L’Ukraine doublement trahie
Qui s’en souvient ? En 1994, l’Ukraine concluait avec Moscou et Washington un accord qui assurait sa sécurité en échange de la restitution des armes nucléaires héritées de la période soviétique. Un accord trahi successivement par la Russie et les États-Unis.

Se rappelle-t-on encore les mémorandums de Budapest ? Pas sûr, si l’on s’en tient aux faits. Ces documents, signés en 1994 – dans l’après-guerre froide – par les États-Unis, la Fédération de Russie et le Royaume-Uni, devaient assurer le respect de l’intégrité territoriale de trois autres signataires, anciennes républiques de l’ex-URSS: l’Ukraine, la Biélorussie et le Kazakhstan. Les garanties de sécurité conférées aux trois nouveaux états indépendants impliquaient parallèlement la ratification du traité sur la non-prolifération des armes nucléaires. Cette condition concernait particulièrement l’Ukraine qui s’était retrouvée, après la dissolution de l’Union soviétique, troisième puissance nucléaire mondiale, avec tout un arsenal hérité des anciens maîtres du Kremlin.

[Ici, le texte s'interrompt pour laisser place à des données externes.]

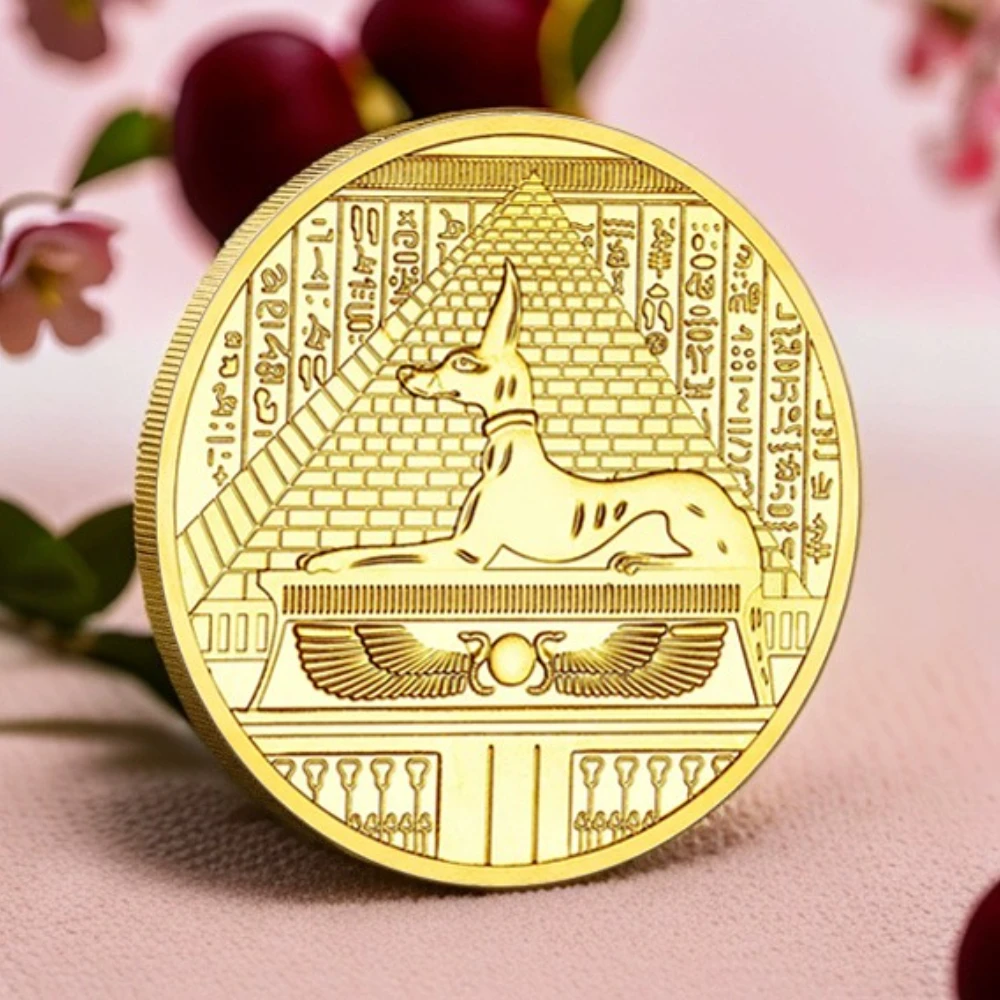 رأس الكلب الله أنوبيس عملة تذكارية مصرية قديمة حارس الموتى ميدالية الهرم عملة قابلة للجمع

Ainsi Kiev renonçait à ses 176 missiles et à ses 1500 ogives nucléaires, contre l’assurance que son indépendance, sa souveraineté et son intégrité seraient respectées. En contrepartie, Moscou, Washington et Londres s’engageaient à ne pas utiliser leurs armes contre l’Ukraine, ni à exercer contre elle de coercition économique. Et ils promettaient de lui venir en aide en cas de menace d’agression nucléaire. Dès 1996, l’arsenal nucléaire ukrainien était restitué à Moscou.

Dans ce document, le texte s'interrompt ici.